The Street is also generally bullish on Roblox. There are 18 recent reviews, which break down into 12 Buys (with 2 Holds), 4 Sells (4) and a Moderate Buy (consensus). The average $39.05 price target and $29.83 price combine for a 31% upside in the coming year. (See Roblox stock forecast)

Kornit Digital (KRNT)

Kornit Digital is next, bringing high tech and textiles to the forefront. It is a digital printing company with a specialization in industrial-grade, high-speed ink jet technology. The company also produces pigments, other chemicals, and other products. These are used in a range of textile industries, including garments, apparel, home goods, and decorating; Kornit’s printing machines can translate complex designs from the computer directly onto the fabric and the finished fabric products, allowing textile workers to call up patterned products on demand.

Textile artists, makers and factories can streamline operations by creating patterned products on demand. They are able to reduce their inventory space and eliminate redundant processes. Kornit’s customers can use the technology to support direct-to-garment solutions for a more sustainable fashion industry, that generates less waste and overproduction, and produces a seamless experience to ensure that customers will return.

Kornit is a leader in its market, but the stock has fallen 27% in August. The company’s losses have come in the days after its August 9 release of the 2Q23 financial numbers. Kornit reported a net-negative earnings per share for the sixth consecutive quarter, though its non-GAAP loss of 15 cents per share was better than expected. At the top line, the company’s revenues disappointed, coming in at $56.2 million, down 3.3% y/y and more than $550 million below the forecast. The revenue miss fed into the share price drop as did a forward 2H revenue guide that came in 7% below Wall Street’s forecast.

When it’s all said and down, Morgan Stanley analyst Erik Woodring believes that Kornit’s share price loss is investors’ gain, as it opens up the stock for opportunistic buying. Woodring takes note of the headwinds, but states that the company has plenty of room for growth, writing, “We are looking past the near-term challenges to what we believe should still be a year of robust growth in 2024, and continue to forecast high 20% Y/Y revenue growth in CY24 (+26% Y/Y vs. +28% Y/Y previously), albeit off a lower 2023 starting base. At a 3.0x target EV/Sales multiple, we are implying KRNT’s shares still trade at a slight discount to its 2015-2019 valuation when the company was compounding revenue at double digits given the risks associated with the weak near-term spending environment. These factors combined are a concern [are] driving our upgrade to Overweight.”

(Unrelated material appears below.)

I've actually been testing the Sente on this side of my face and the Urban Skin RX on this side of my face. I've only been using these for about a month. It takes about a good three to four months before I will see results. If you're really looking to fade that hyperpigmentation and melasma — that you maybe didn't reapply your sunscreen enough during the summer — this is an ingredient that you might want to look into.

This upgrade from Underweight (Sell) to Overweight(Buy), accompanied with a price target of $29, indicates confidence that a 26% increase is expected over the next twelve months. (To watch Woodring’s track record, clickhere)

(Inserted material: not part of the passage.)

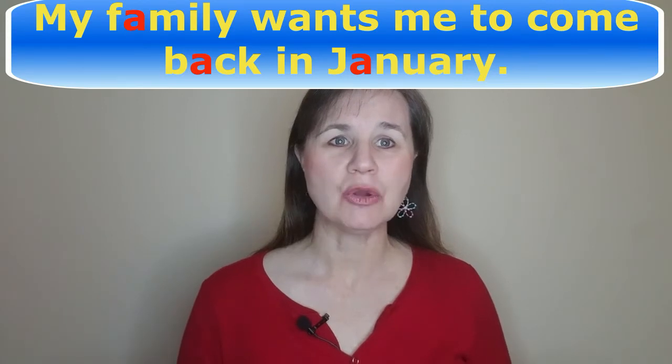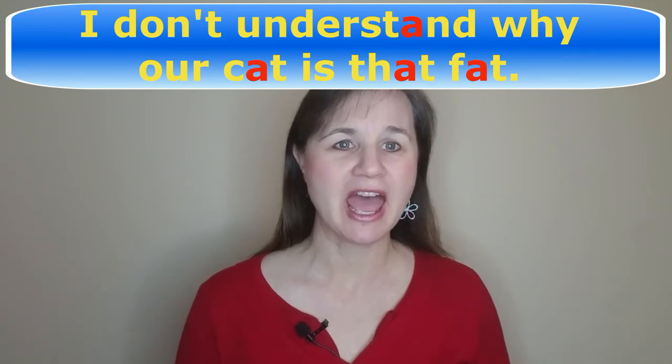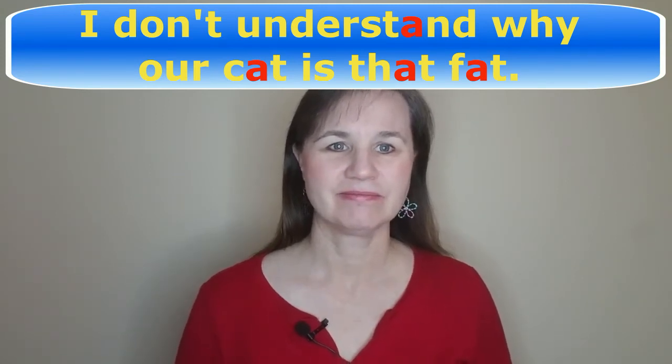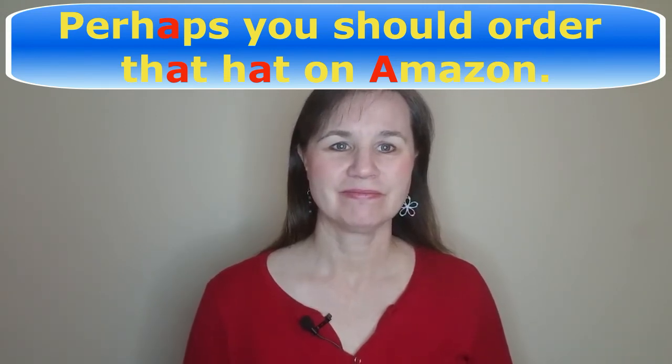Let's do some practice sentences with the short A pronunciation. Just repeat after me. My family wants me to come back in January. I don't understand why our cat is that fat. Perhaps you should order that hat on Amazon. How did you do with that exercise? Are you getting it? I suggest taking a look at your mouth in a small pocket mirror, or using the dark screen of your cell phone to check that your mouth position and your tongue look just like mine.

We can see from a wider perspective that Kornit’s recent shares reviews are 3 Buys with 2 Holds. This supports a Moderately Strong Buy rating. The shares are currently trading at $23 with an average price target of $29.60. This represents a 29% rise from the current level. (See Kornit Stock Forecast)

To find good ideas for stocks trading at attractive valuations, visit TipRanks’ Best Stocks to Buy, a tool that unites all of TipRanks’ equity insights.

Disclaimer: This article is solely the opinion of the analysts featured. This content is only intended for informational use. You should always do your own research before investing.